### The data
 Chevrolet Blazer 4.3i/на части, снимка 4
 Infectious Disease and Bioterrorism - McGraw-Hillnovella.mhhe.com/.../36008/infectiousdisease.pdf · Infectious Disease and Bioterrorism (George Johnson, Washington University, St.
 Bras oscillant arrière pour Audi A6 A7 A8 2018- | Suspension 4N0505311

### What the exercise asks
Starting at the line that contains "Washington University, St.", retype each line through the end of the listing above and nothing else.

### Result of the exercise
 Infectious Disease and Bioterrorism - McGraw-Hillnovella.mhhe.com/.../36008/infectiousdisease.pdf · Infectious Disease and Bioterrorism (George Johnson, Washington University, St.
 Bras oscillant arrière pour Audi A6 A7 A8 2018- | Suspension 4N0505311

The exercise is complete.